◆ Exercise objective: Using the entries below, show all lines with the string "Free".

◆ Records supplied:

----------------------------------------

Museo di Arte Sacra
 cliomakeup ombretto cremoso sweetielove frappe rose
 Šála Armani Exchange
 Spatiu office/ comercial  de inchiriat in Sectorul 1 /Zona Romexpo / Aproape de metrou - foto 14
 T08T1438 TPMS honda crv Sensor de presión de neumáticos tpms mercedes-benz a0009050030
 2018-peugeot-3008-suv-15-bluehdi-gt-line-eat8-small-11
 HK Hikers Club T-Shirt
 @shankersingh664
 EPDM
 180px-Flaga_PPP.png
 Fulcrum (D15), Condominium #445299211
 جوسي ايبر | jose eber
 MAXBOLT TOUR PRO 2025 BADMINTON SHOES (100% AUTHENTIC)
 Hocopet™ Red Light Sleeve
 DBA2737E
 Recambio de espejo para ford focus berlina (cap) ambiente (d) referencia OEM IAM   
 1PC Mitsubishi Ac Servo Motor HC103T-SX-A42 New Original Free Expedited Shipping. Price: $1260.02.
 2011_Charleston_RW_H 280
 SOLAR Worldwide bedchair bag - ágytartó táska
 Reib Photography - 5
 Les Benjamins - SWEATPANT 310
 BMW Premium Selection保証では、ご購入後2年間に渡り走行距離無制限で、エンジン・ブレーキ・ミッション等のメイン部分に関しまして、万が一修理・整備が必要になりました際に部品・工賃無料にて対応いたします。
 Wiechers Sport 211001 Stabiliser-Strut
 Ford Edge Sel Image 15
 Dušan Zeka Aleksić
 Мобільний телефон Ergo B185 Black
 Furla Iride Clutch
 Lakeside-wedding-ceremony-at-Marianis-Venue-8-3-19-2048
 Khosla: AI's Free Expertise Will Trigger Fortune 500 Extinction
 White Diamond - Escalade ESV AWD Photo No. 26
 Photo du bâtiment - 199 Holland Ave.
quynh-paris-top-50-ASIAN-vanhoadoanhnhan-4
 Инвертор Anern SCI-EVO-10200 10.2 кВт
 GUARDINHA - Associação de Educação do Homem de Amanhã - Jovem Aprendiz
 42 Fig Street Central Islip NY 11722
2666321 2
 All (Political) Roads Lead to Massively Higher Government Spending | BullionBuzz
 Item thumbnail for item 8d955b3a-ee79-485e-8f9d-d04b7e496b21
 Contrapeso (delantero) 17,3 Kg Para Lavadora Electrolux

----------------------------------------

◆ Response:
 1PC Mitsubishi Ac Servo Motor HC103T-SX-A42 New Original Free Expedited Shipping. Price: $1260.02.
 Khosla: AI's Free Expertise Will Trigger Fortune 500 Extinction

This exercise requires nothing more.